**Exercise goal:** Spot each line in the records below where the word "Used" occurs, then copy it.

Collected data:
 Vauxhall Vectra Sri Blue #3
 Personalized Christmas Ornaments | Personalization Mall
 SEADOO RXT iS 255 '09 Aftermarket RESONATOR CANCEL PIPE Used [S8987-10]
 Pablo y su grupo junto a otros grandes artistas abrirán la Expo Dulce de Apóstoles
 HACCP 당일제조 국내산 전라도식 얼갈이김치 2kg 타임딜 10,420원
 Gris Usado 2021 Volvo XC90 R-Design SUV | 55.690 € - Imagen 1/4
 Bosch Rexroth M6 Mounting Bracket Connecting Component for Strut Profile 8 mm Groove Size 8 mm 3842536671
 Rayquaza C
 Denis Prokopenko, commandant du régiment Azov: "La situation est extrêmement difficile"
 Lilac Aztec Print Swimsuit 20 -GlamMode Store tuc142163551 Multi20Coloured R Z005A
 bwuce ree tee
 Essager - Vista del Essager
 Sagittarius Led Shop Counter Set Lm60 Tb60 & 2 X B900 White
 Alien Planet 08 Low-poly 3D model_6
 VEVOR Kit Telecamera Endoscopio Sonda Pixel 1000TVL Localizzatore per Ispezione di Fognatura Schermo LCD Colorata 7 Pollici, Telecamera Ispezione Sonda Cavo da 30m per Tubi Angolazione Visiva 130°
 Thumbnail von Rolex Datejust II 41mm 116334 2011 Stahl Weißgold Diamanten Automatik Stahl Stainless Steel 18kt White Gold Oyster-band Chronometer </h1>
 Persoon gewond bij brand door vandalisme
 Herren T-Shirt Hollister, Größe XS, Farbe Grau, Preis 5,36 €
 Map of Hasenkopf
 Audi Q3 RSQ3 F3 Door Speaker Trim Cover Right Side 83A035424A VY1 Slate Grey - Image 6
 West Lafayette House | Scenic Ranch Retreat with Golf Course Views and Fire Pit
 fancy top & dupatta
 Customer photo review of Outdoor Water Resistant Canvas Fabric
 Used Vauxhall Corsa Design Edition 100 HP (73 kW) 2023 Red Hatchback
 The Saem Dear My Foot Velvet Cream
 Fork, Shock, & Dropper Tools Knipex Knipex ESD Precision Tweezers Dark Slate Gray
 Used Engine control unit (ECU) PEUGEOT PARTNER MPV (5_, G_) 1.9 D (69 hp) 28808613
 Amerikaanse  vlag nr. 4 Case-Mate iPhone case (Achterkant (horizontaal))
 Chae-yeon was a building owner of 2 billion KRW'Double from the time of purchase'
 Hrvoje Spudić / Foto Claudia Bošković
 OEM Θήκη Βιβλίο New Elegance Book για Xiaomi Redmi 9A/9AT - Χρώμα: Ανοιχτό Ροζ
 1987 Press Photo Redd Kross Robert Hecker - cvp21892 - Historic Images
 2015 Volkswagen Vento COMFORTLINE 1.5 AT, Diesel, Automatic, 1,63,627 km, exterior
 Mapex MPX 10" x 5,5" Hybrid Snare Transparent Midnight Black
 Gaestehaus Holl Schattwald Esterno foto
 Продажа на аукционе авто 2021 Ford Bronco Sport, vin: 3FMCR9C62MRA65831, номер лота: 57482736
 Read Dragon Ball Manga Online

**Problem solution:**
 SEADOO RXT iS 255 '09 Aftermarket RESONATOR CANCEL PIPE Used [S8987-10]
 Used Vauxhall Corsa Design Edition 100 HP (73 kW) 2023 Red Hatchback
 Used Engine control unit (ECU) PEUGEOT PARTNER MPV (5_, G_) 1.9 D (69 hp) 28808613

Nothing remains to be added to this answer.